## PROBLEM DETAILS
A faithful, word-for-word copy of the records is required, and it must contain no pictures.

## DATA FOR THIS EXERCISE
○ ○ ○

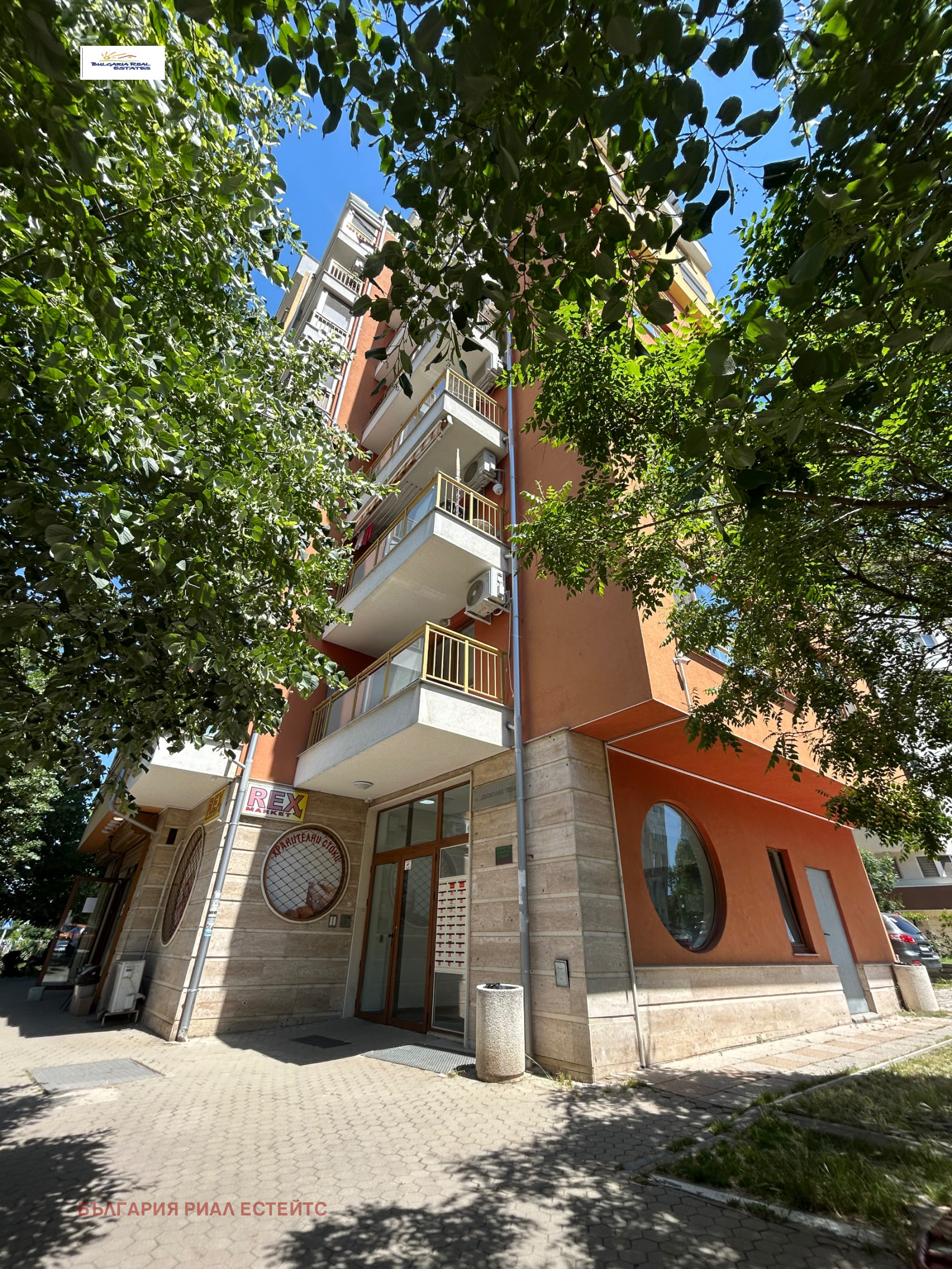 ������� 2-����� | Imot.bg � ����������� 9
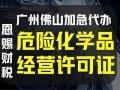 白云危化品经营资料 白云危化品经营资料有哪些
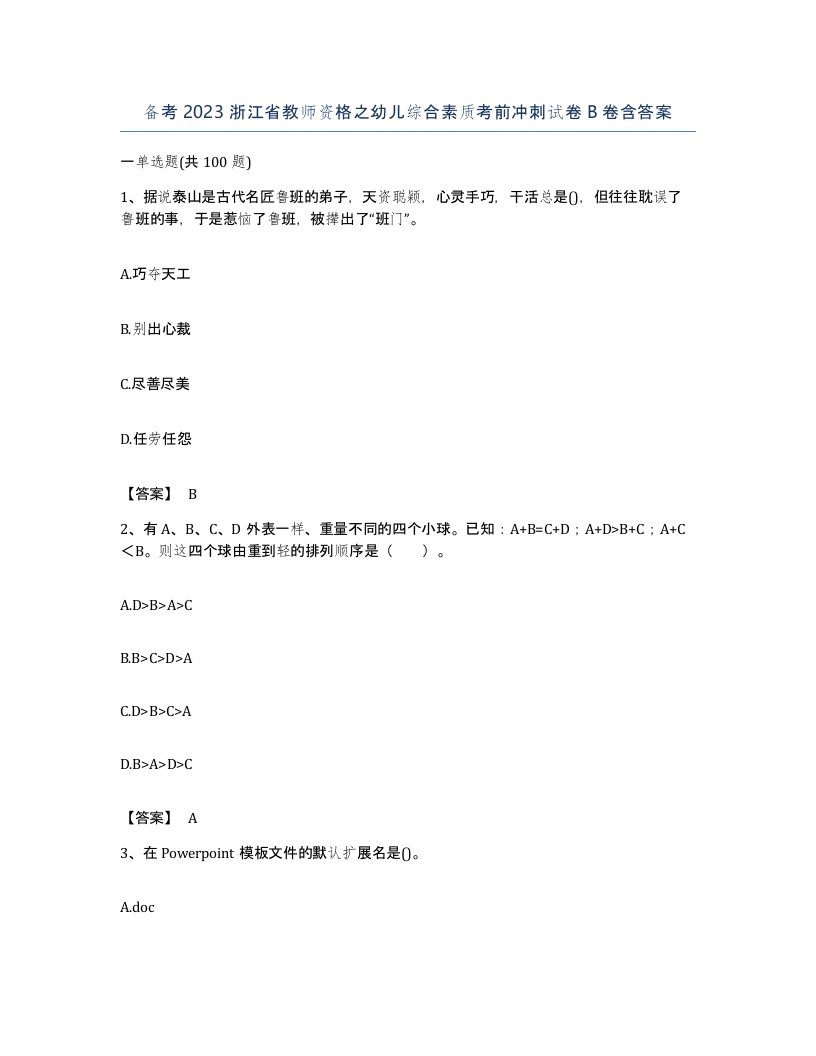 备考2023浙江省教师资格之幼儿综合素质考前冲刺试卷B卷含答案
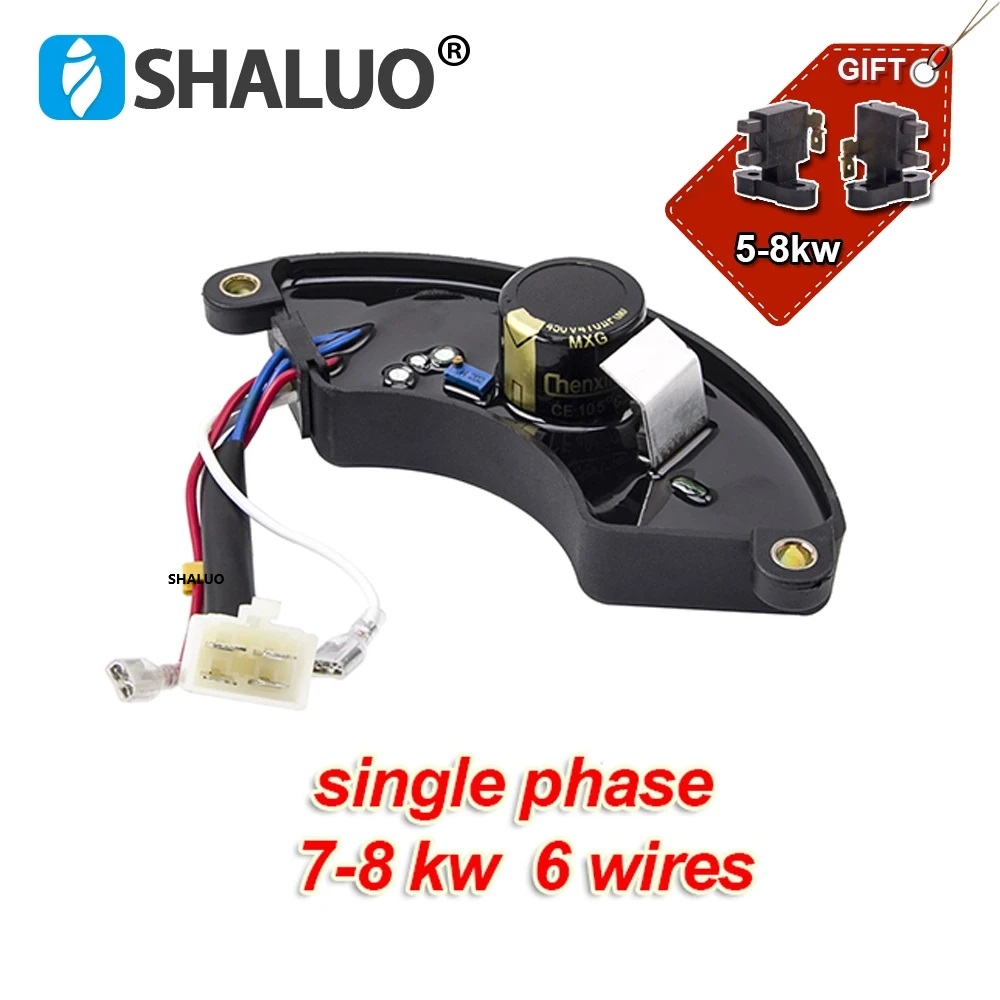 2KW 3KW 5KW 6KW 7KW 8KW AVR Ge - Cycloidal Reducer Bldc Motor ulasan dan harga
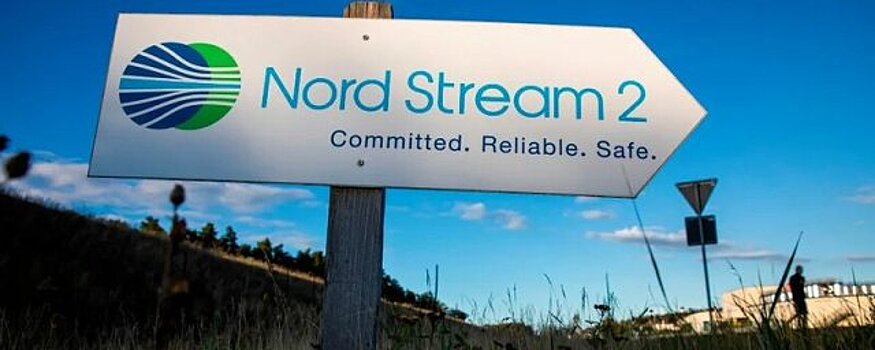 PGNiG подала заявку на участие в сертификации оператора "Северного потока - 2"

○ ○ ○

## RESULT OF THE TASK
 ������� 2-����� | Imot.bg � ����������� 9
 白云危化品经营资料 白云危化品经营资料有哪些
 备考2023浙江省教师资格之幼儿综合素质考前冲刺试卷B卷含答案
 2KW 3KW 5KW 6KW 7KW 8KW AVR Ge - Cycloidal Reducer Bldc Motor ulasan dan harga
 PGNiG подала заявку на участие в сертификации оператора "Северного потока - 2"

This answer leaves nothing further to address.